Kafka on the Shore, by Haruki Murakami

Excerpt
Kafka sits in a chair by the shore,
Thinking for the pendulum that moves the world, it seems.
When your heart is closed,
The shadow of the unmoving Sphinx,

Becomes a knife that pierces your dreams.


The drowning girl's fingers

Search for the entrance stone, and more.
Lifting the hem of her azure dress,
She gazes --

At Kafka on the shore


A Brief Summary
This book follows the intertwining stories of 15-year-old runaway Kafka Tamura, as he tries to escape his Oedipal destiny, and elderly, mysteriously blank Tanaka, who is "not too bright" but has the uncanny ability to speak with cats. Already somehow connected on a metaphysical level, their destinies draw them both inexorably towards a library in the sea-side town Takamatsu and towards each other.

The Gay (SPOILERY)
One of my main reservations when beginning this book was that, well, I harbor a certain indifference towards the sexual fantasies and developments of fifteen-year-old heterosexual males. I have a younger brother, I saw enough of that at home. The story ended up winning me over quickly enough, but I was also pleasantly surprised by appearance of the transgendered character Oshima early in the book, as one of Kafka's first allies. Oshima is intriguing and androgynous and quite mysterious -- I was actually worried for awhile that he would turn out to be a vampire; this book is that weird -- and I thought the revelation of his secret was an especially lovely moment.

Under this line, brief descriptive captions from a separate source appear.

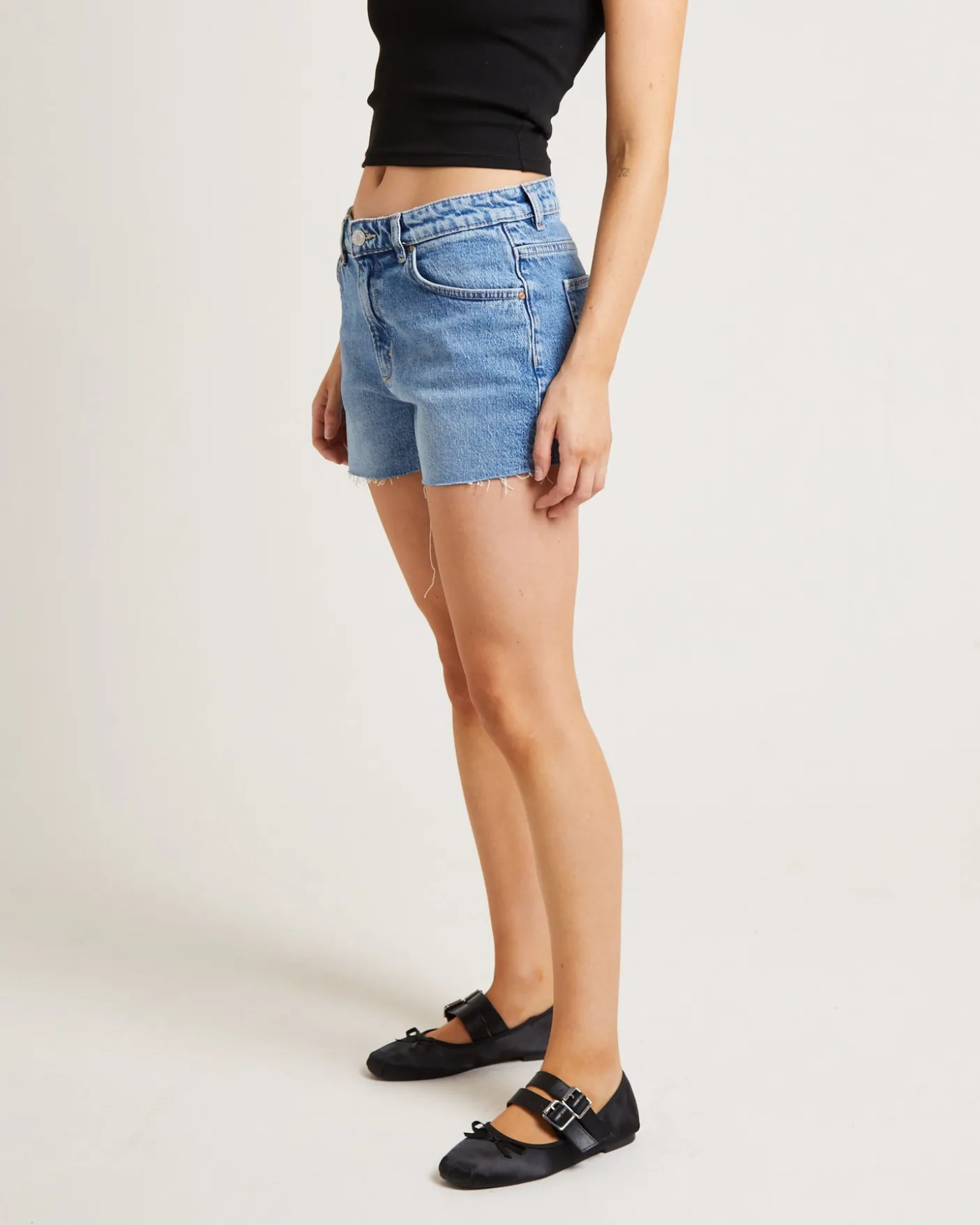 Daria Denim Shorts in Tempo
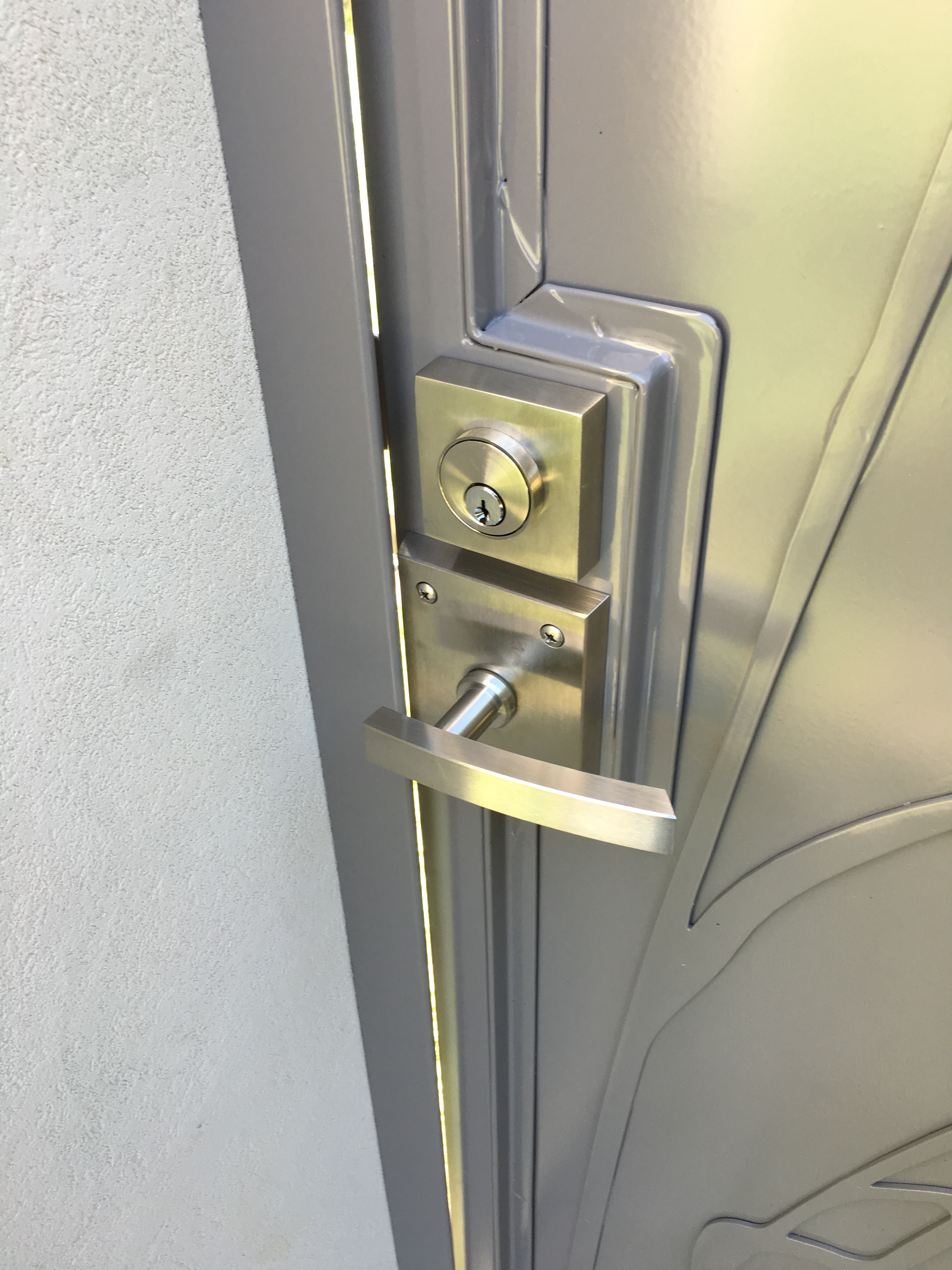 Contemporary Custom Gate With Stainless Steel Gate Latch With Deadbolt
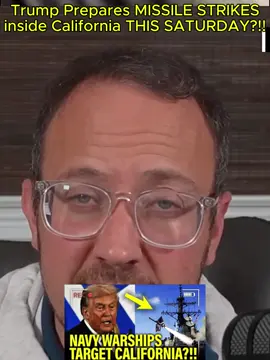 Trump Prepares MISSILE STRIKES inside California This SATURDAY?!! #TRUMP #trump2024🇺🇸 #meidastouch #new #tiktoknews 
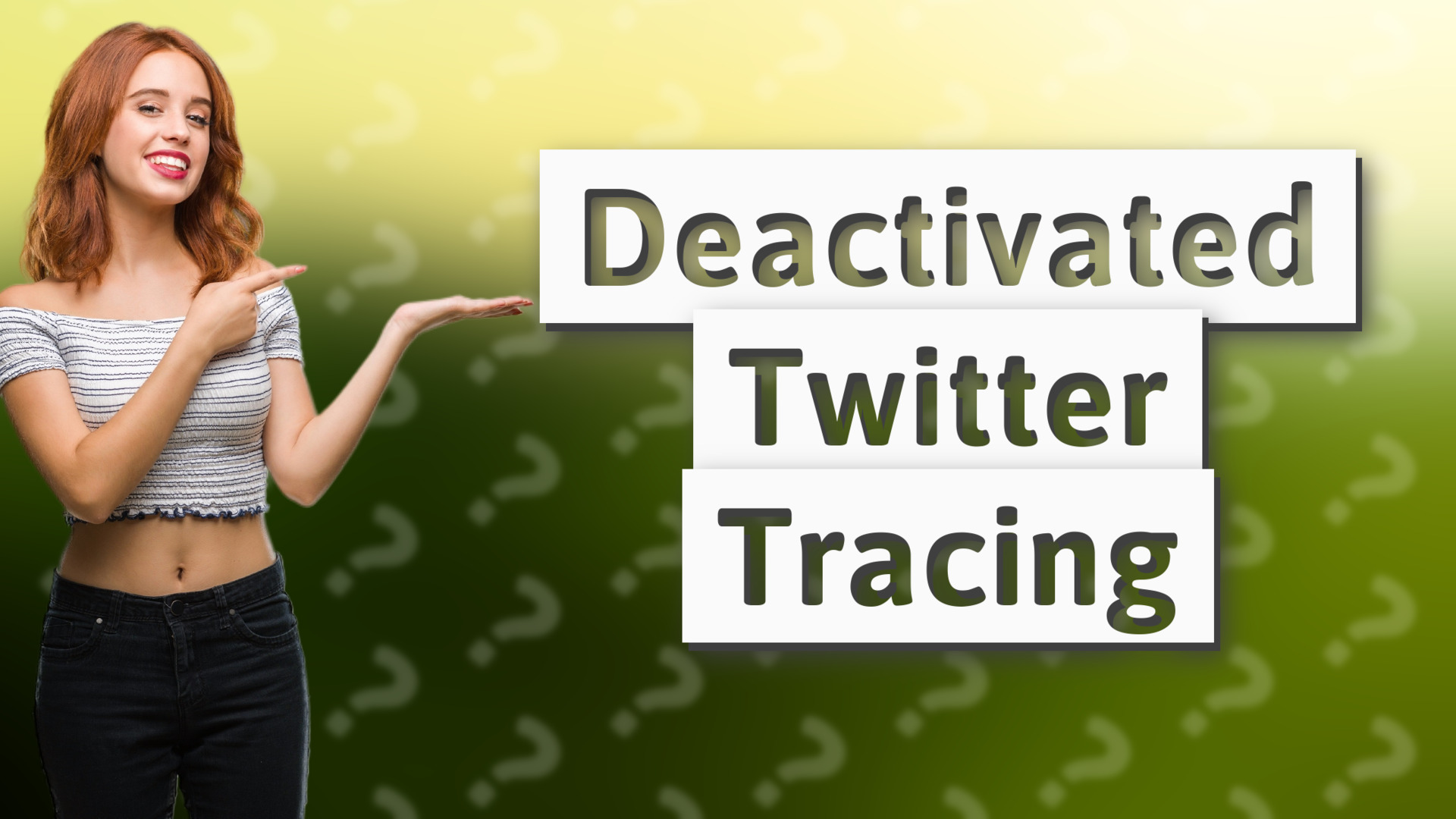 Deactivated Twitter Tracing
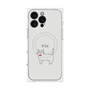 プレミアムパネル with MagSafe［ 蝶ネクタイねこ - White ］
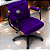 Cadeira Design Office Eames Signature Diretor Black com Rodinhas Anti Risco - Capa em Madeira - Roxo - Imagem 1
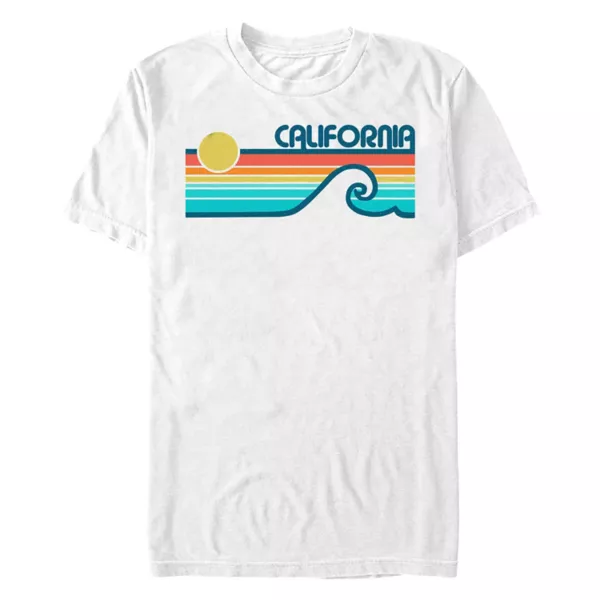 Футболка California Retro с принтом заката и волны для больших размеров Licensed Character, белый
Футболка California Retro с принтом заката и волны для больших размеров Licensed Character, белый
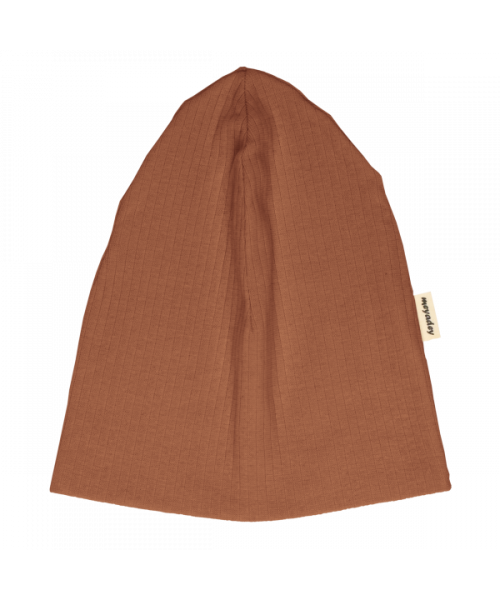 Meyadey by Maxomorra Mütze Rib Solid Claystone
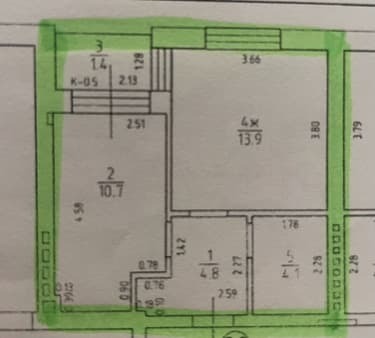 Продам однокомнатную квартиру, 53 м², этаж 4 из 5. Фото 2
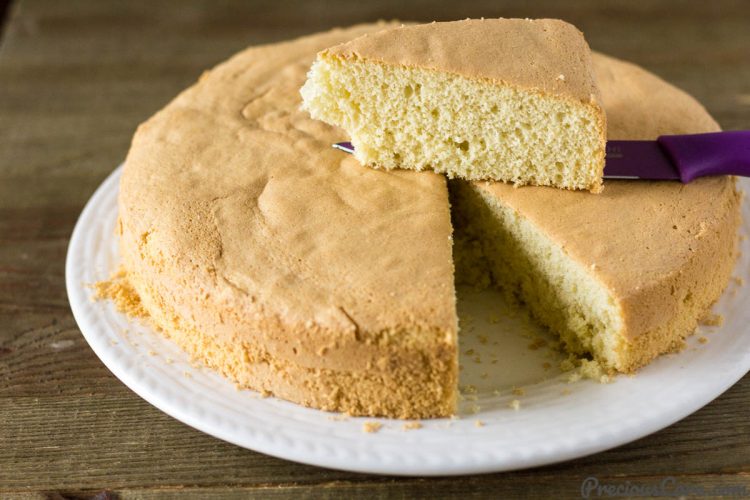 vanilla sponge cake precious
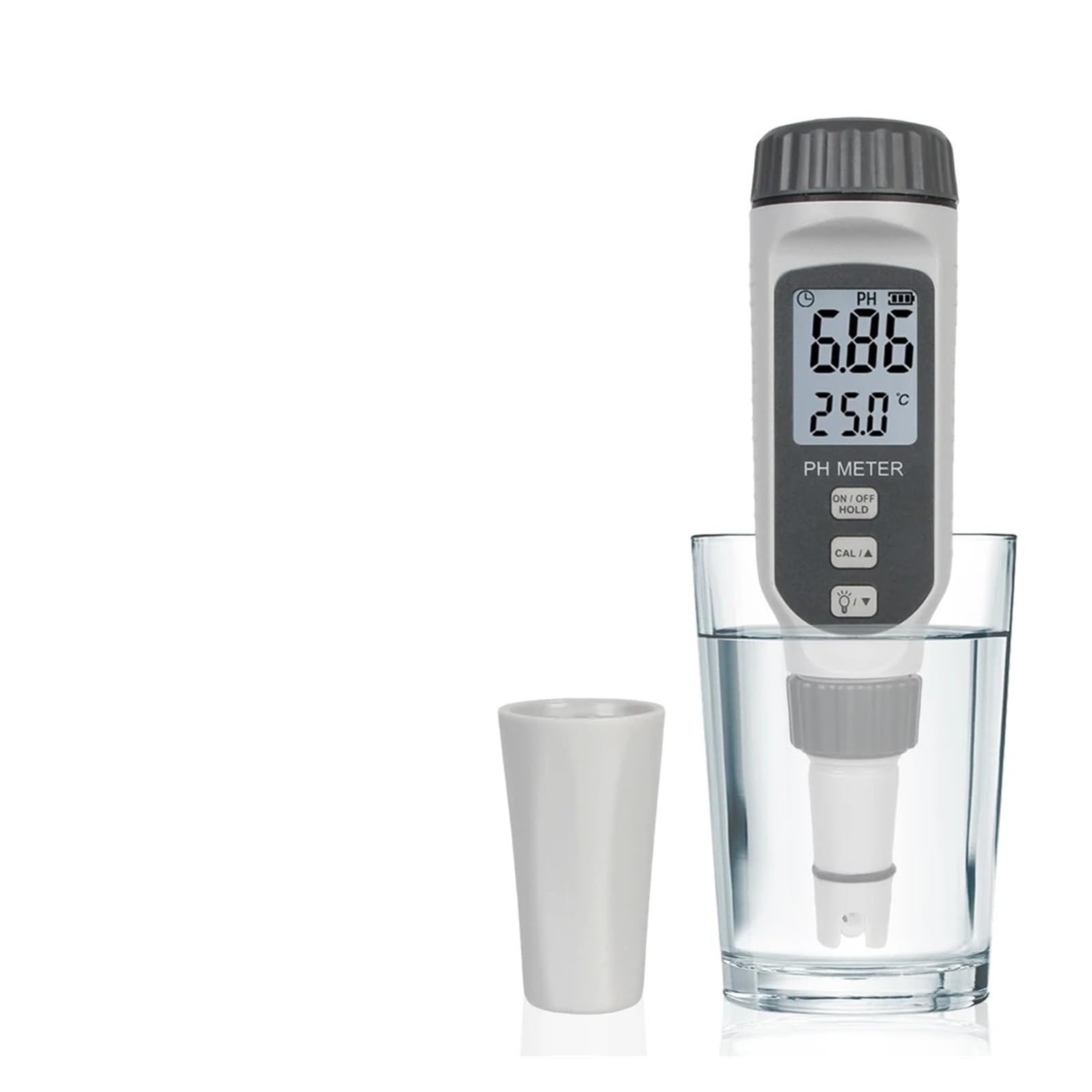 Testeur de qualité de l'eau Testeur de qualité de l'eau de Type Stylo, acidomètre Portable PH818 for la Mesure de l'acidité dans Les Aquariums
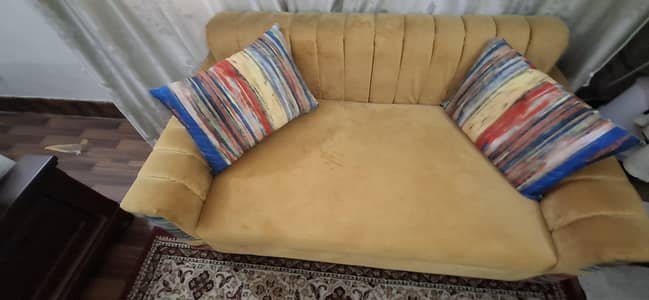 wooden sofa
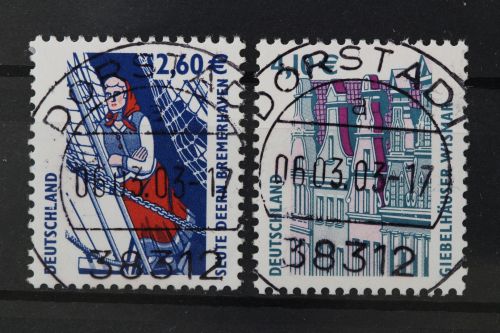 Deutschland (BRD), MiNr. 2322-2323 R, zentrisch Dorstadt, EST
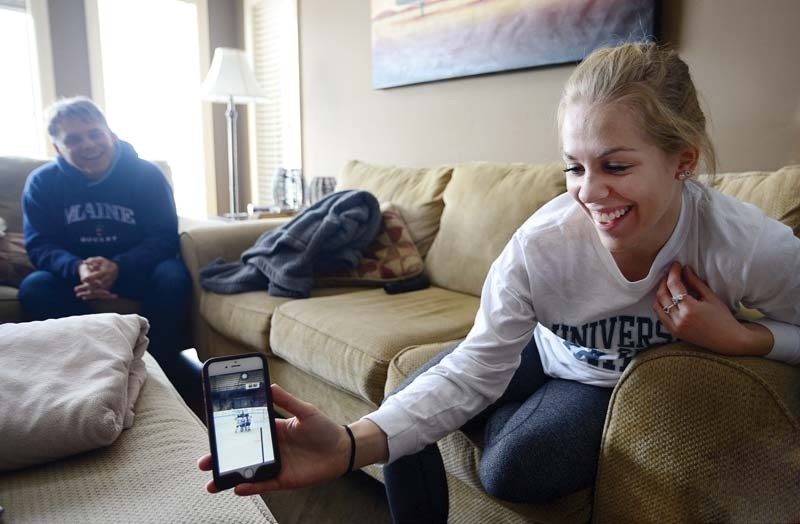 University of Maine Black Bears NCAA hockey player Morgan Sakundiak is in her final year with the school and plans to return home after the current season.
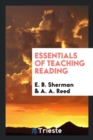 Image for Essentials of Teaching Reading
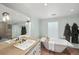 Bathroom with soaking tub, granite vanity, and walk-in shower at 1880 Redbourne Dr, Atlanta, GA 30350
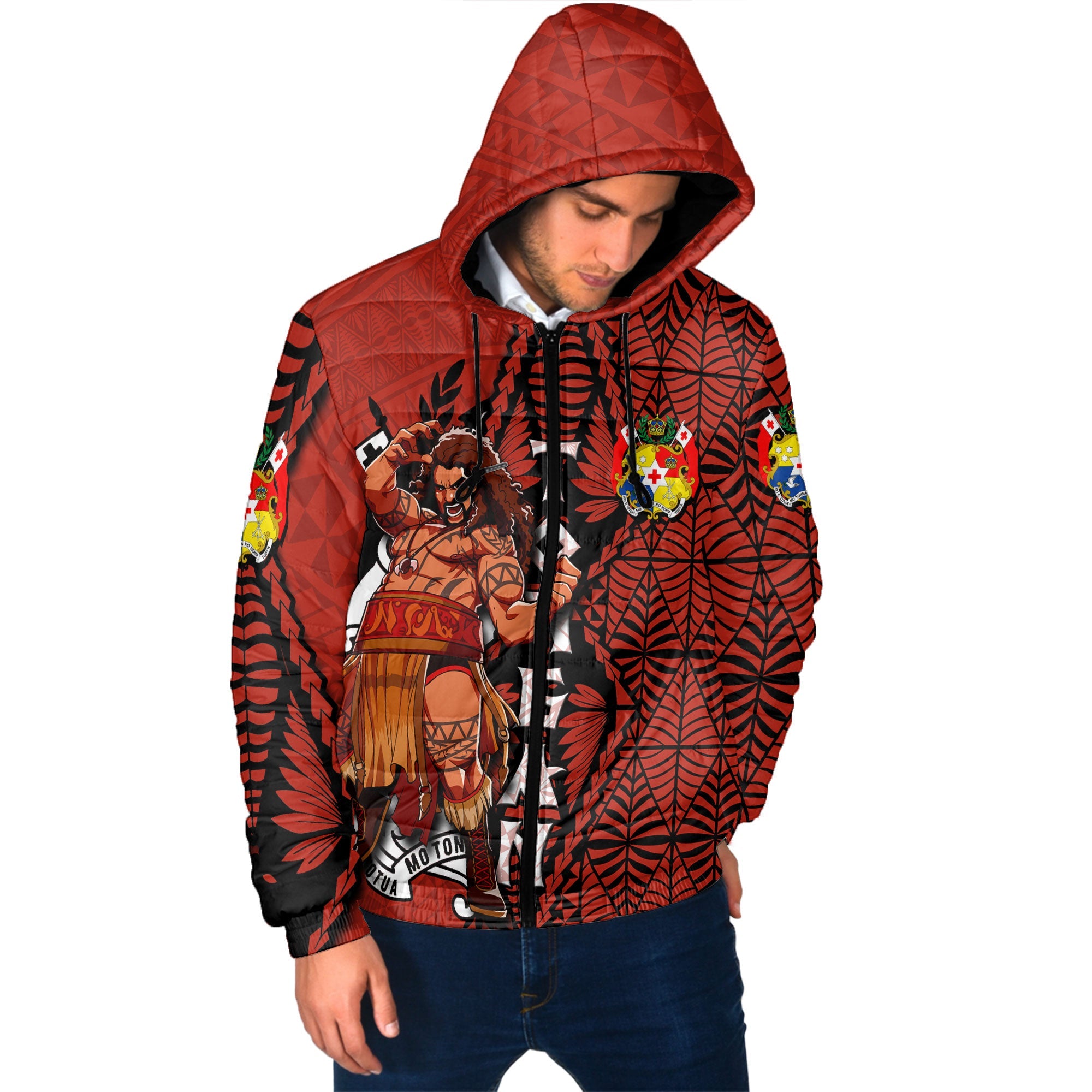 Custom Tonga The Tonga Terror Men Hooded Padded Jacket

He is never given a very large role, nor are we privy to many details of his personal life, but Oshima, with his penchant for reckless driving and philosophical musings, was one of my favorite characters in Kafka, and I was very pleased to see a positively presented, gay, FTM transperson in a book.

My Thoughts
Kafka on the Shore starts with the mysterious Boy Called Crow psyching Kafka up to run away, telling him he needs to be the "toughest 15-year-old in the world." "Oh, gag me with a spoon," thought Emma, "what sort of macho shit is this going to be?" (The answer is: not very macho shit, unless Emma was a lot more hardcore than she thought she was when she hid out in a library reading Sir Richard Francis Burton and purposefully trained her stomach to need less food when she was fifteen.) But I had been planning on reading Murakami for a long time, and I wasn't going to give up that easy.

By the second chapter, which, in government reports, documented the bizarre goings-on in the hills of Japan during WWII that left second protagonist Tanaka a blank slate, I was hooked.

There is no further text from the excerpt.